Aklı başında, akıl, ruh ve beden sağlığı, eğitimi,
sosyal ve kültürel yapısı ile, ekonomik yapısı son derece iyi,
kendisini genç ve dinç hisseden insanlara ne diyeceksiniz?
Yani;
"Siz, her konuda sağlıklısınız ve tecrübelisiniz ama, ne yazık ki,
nüfus cüzdanınız eskimiş. Yaşınız ilerlemiş. O nedenle, artık,
akıl sağlığınızın yerinde olduğunu kanıtlamak zorundasınız!..."
mı diyeceksiniz?
Böyle bir mantıksızlık olabilir mi?
Ya da;
"Biz genç ve orta yaş gurubu insanlar, siz yaşlı kişilerin sağlıklı,
eğitimli vasıflarıyla, hele hele, aklı başında tecrübeleriyle,
hiç ilgilenmiyoruz!...Bu tip yaşı ilerlemiş kişilere, sadece, yaşlı,
emekli, ununu elemiş, eleğini asmış büyüklerimiz olarak bakıyoruz!..."
mu diyeceksiniz?
Eğer, sistem, konuya böyle bakıyorsa;
O halde;
Nasıl oluyor da, bu yaşlı kişilere,
oy verme hakkı tanıyorsunuz? denmez mi?
Daha da ötesi;
65 yaşını dolduran hiç kimsenin, parlamento çatısı altında,
bulunmaması da lazım, öyleyse!...diye düşünülmez mi?

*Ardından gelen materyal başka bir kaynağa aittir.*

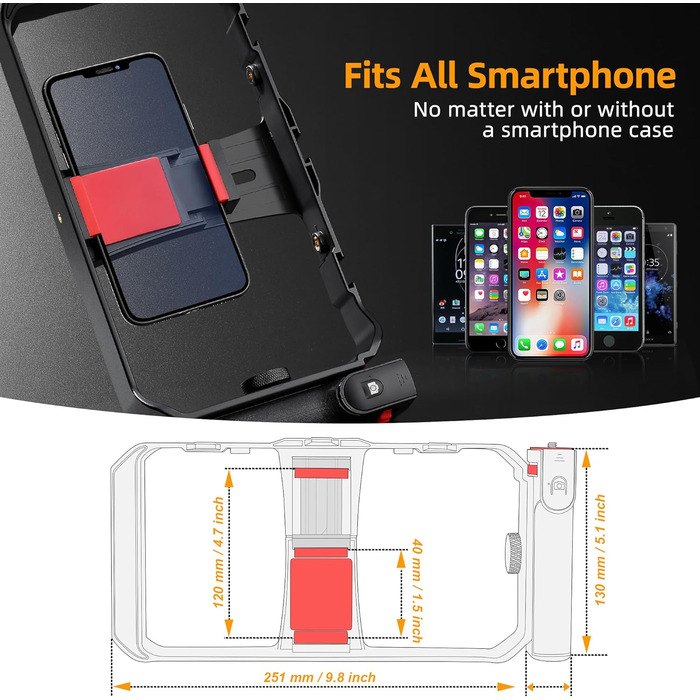 Стабілізатор Zeadio Tripel Zubehörschuh для смартфона з відео-рігом, ручка для камери, екшн-камери, DSLR та смартфонів (Професійний набір)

Hatta, TBMM'nin başkanlığını yapmaması da şart olmalı!...
(Doktordan, akıl sağlığı yerindedir, raporu yoksa tabii ki!...)
İkincisi;
Türk insanının kanayan yarası, pasaport ve vize konularındaki,
adaletsizlik, dengesizlik, haksızlık ve insafsızlık!...
Neden mi?
Çünkü; her siyasal iktidar, seçilmek için, mitinglerde,
toplantılarda, yayın organlarında ve ekranlarda,
millete hizmet edeceklerini, hak, hukuk, eşitlik ve adaletten,
ayrılmayacaklarını söylerler.
Ama, ne yazık ki, esas adaletsizliği, eşitsizliği,
haksızlığı ve hukuksuzluğu, kendileri yaratırlar ve uygularlar..
İktidarlar da, muhalefet de.
Hepsi de, ayni kazanın yoğurtları maşallah!...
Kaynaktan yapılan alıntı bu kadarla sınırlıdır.